Wed Sep 6 02:32:28 CEST 2006

Guido van Rossum wrote:
> On 9/5/06, Paul Prescod <paul at prescod.net> wrote:
> 
>> Beyond all of that: It just seems wrong to me that I could send someone a
>> bunch of files and a Python program and their results processing them
>> would be different from mine, despite the fact that we run the same version of
>> Python on the same operating system.
> 
> And it seems just as wrong if Python doesn't do what the user expects.
> If I were a beginning Python user, I'd hate it if I had prepared a
> simple data file in vi or notepad and my Python program wouldn't read
> it right because Python's idea of encoding differs from my editor's.

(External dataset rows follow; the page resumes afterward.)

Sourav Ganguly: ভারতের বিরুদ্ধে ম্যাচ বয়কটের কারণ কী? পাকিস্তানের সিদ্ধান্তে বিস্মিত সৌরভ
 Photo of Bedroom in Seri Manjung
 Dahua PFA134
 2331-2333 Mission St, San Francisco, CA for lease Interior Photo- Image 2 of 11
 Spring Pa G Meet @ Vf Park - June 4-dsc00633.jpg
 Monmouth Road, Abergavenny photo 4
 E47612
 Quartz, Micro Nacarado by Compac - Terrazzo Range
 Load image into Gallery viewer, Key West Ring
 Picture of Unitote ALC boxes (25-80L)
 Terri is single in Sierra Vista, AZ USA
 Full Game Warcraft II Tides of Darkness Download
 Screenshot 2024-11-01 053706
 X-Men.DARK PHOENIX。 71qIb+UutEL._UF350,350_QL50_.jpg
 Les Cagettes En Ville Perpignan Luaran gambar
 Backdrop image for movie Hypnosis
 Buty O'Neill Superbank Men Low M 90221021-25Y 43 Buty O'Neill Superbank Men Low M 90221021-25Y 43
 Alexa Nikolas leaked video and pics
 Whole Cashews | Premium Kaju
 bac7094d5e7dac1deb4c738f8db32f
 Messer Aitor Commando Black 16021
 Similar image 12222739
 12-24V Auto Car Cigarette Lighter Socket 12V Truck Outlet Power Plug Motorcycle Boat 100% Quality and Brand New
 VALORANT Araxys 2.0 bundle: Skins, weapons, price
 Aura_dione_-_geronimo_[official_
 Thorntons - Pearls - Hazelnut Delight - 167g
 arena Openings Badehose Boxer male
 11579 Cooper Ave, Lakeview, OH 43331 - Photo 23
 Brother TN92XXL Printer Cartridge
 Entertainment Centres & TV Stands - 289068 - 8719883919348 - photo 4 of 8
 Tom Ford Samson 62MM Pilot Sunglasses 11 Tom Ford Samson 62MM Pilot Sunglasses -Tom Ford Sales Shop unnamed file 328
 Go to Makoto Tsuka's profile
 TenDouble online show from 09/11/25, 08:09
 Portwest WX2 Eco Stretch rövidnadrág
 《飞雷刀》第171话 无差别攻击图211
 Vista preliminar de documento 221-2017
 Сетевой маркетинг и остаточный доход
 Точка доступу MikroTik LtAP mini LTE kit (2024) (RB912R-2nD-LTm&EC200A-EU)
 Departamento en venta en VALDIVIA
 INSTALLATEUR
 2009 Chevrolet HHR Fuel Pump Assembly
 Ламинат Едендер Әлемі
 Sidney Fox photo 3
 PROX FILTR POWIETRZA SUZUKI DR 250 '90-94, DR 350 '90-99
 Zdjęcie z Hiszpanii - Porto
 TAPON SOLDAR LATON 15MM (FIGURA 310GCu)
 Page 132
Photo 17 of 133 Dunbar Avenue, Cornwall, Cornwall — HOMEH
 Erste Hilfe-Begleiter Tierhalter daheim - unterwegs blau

I don't know about vi, but notepad will open and save files that are not in
the system ("ANSI") encoding just fine. On opening it checks for a BOM and
auto-detects UTF-8 and UTF-16; on saving it will write a BOM if you choose
"Unicode" (UTF-16LE), "Unicode big-endian" (UTF-16BE), or UTF-8 in the
Encoding drop-down box.

This is exactly the behaviour that most users would expect of a well-behaved
Unicode-aware app. It should be as easy as possible to match this behaviour
in a Python program.

> Sorry Paul, I appreciate your standards-driven perspective, but in
> this area I'd rather build in more flexibility than strictly needed,
> than too little. If it turns out that on a particular platform all
> files are in UTF-8, making Python *on that platform* always choose
> UTF-8 is simple enough.

The problem is not the systems where all files are UTF-8, or all files are
another known charset. The problem is the platforms where half of the files
are UTF-8 and half are in some other charset, determined either by type or by
presence of a UTF-8 BOM. This is a *very* common situation, especially for
European users.

Such a user cannot set the locale to UTF-8, because that will break all of
their non-Unicode-aware applications. The Unicode-aware applications typically
have much better support for reading and writing files in charsets that are
not the system default. So in practice the locale has to be set to the "old"
charset during a migration to UTF-8.

(Setting different locales for different applications is far too much hassle.
On Windows, although I believe it is technically possible to do the equivalent
of selecting a UTF-8 locale, most users don't know how to do it, even if they
want to use UTF-8 exclusively.)

-- 
David Hopwood <david.nospam.hopwood at blueyonder.co.uk>